» LISTED RECORDS:
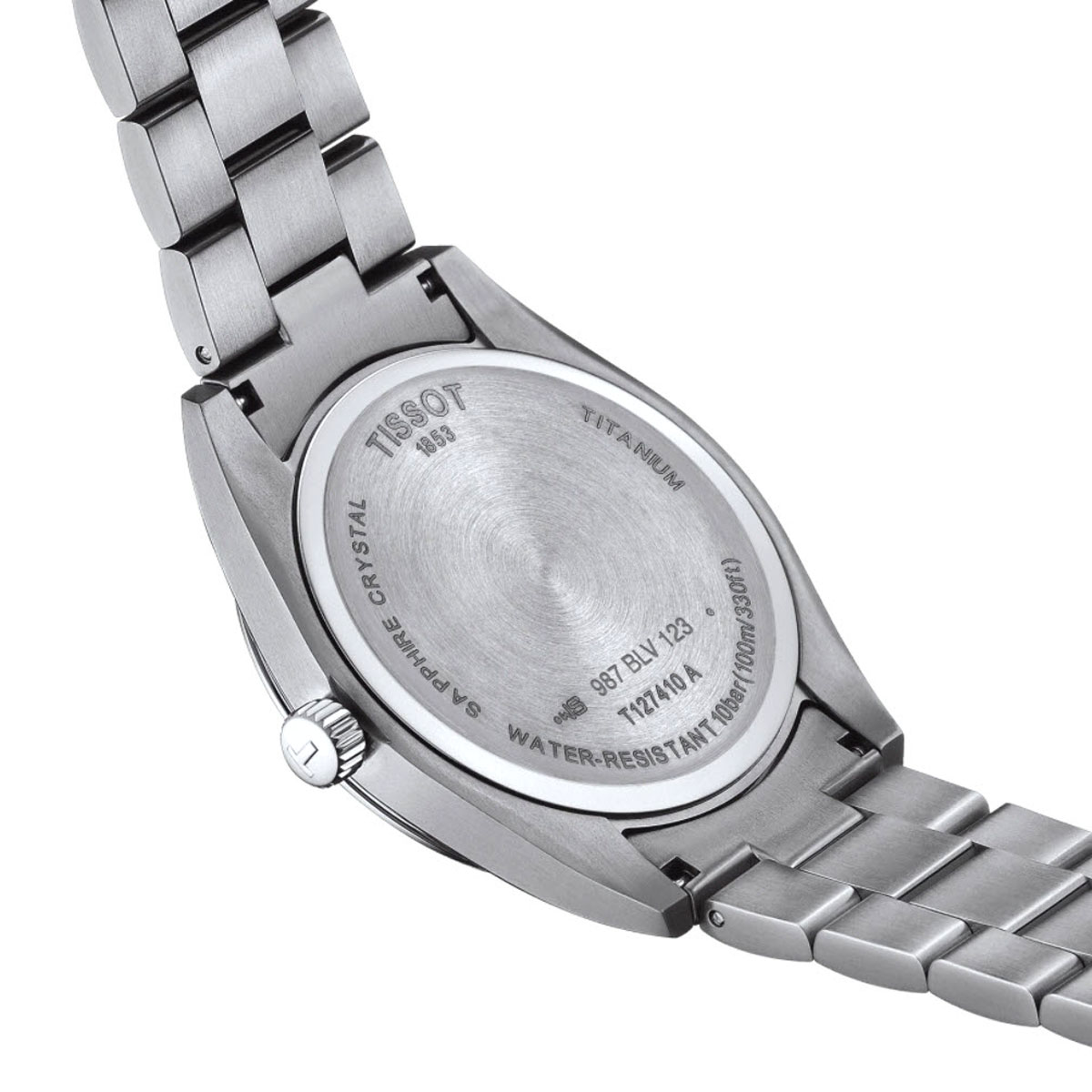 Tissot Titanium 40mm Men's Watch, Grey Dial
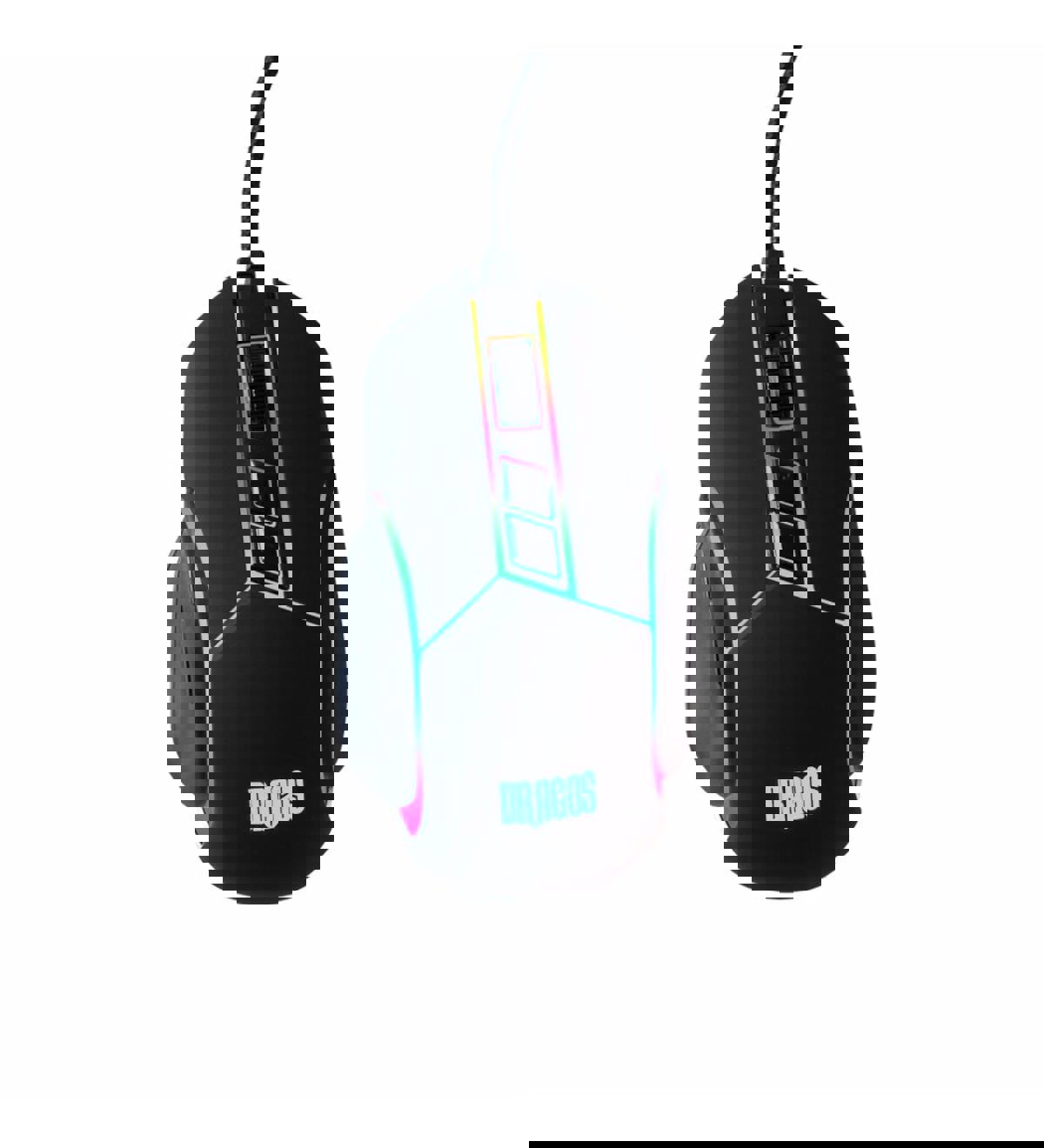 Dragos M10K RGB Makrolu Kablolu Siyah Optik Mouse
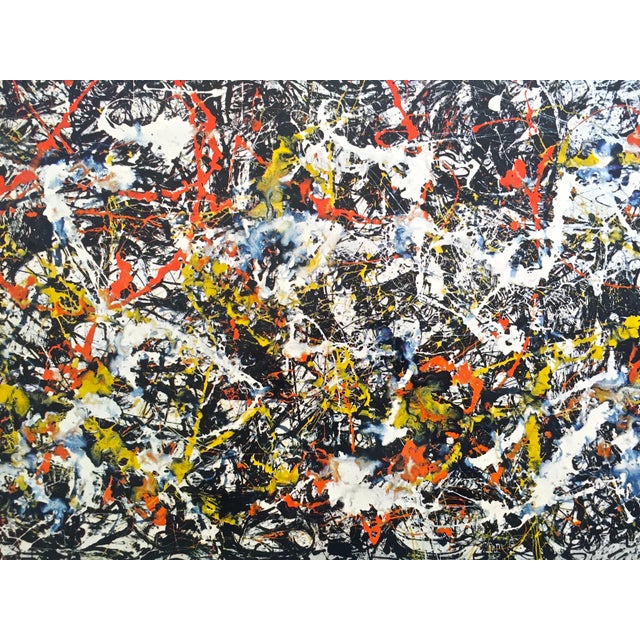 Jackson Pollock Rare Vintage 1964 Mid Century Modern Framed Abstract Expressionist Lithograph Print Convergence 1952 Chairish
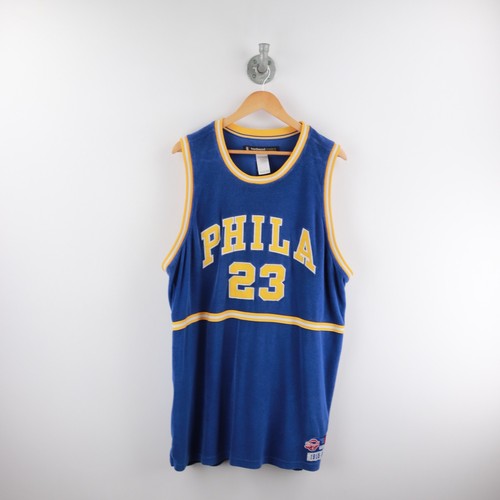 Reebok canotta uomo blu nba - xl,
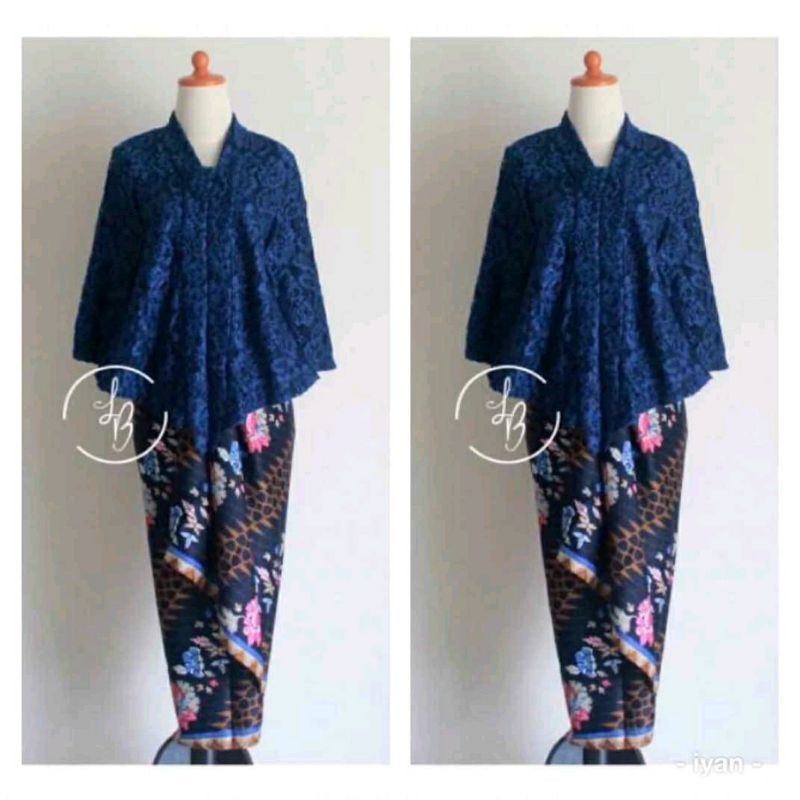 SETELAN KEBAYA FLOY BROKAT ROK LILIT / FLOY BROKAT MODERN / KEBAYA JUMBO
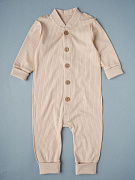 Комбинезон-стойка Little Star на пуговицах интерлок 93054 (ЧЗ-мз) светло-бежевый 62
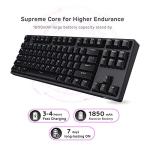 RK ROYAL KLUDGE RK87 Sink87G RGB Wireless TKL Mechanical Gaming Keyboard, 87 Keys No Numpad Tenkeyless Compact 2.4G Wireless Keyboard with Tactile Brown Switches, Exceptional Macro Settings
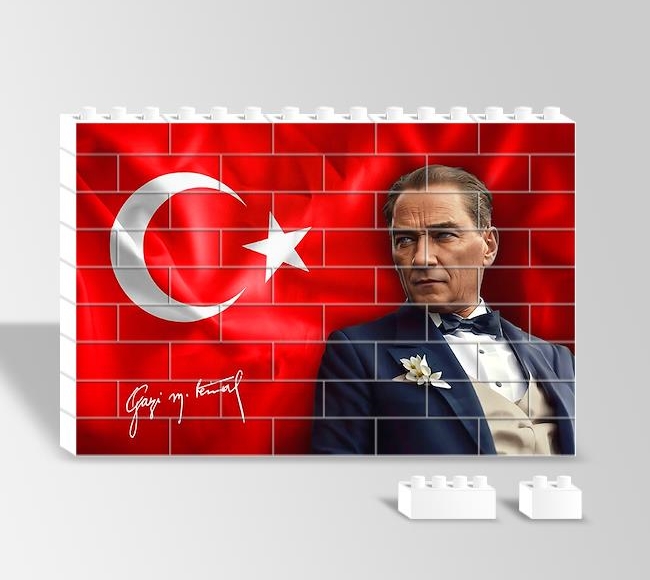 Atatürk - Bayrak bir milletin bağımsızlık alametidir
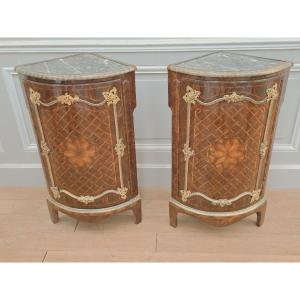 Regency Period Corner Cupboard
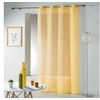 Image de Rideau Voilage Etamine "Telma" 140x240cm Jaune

» YOUR INSTRUCTIONS: Please keep every line of the data the same when you reproduce it, and keep every picture out.

» SOLVED PROBLEM:
 Tissot Titanium 40mm Men's Watch, Grey Dial
 Dragos M10K RGB Makrolu Kablolu Siyah Optik Mouse
 Jackson Pollock Rare Vintage 1964 Mid Century Modern Framed Abstract Expressionist Lithograph Print Convergence 1952 Chairish
 Reebok canotta uomo blu nba - xl,
 SETELAN KEBAYA FLOY BROKAT ROK LILIT / FLOY BROKAT MODERN / KEBAYA JUMBO
 Комбинезон-стойка Little Star на пуговицах интерлок 93054 (ЧЗ-мз) светло-бежевый 62
 RK ROYAL KLUDGE RK87 Sink87G RGB Wireless TKL Mechanical Gaming Keyboard, 87 Keys No Numpad Tenkeyless Compact 2.4G Wireless Keyboard with Tactile Brown Switches, Exceptional Macro Settings
 Atatürk - Bayrak bir milletin bağımsızlık alametidir
 Regency Period Corner Cupboard
 Image de Rideau Voilage Etamine "Telma" 140x240cm Jaune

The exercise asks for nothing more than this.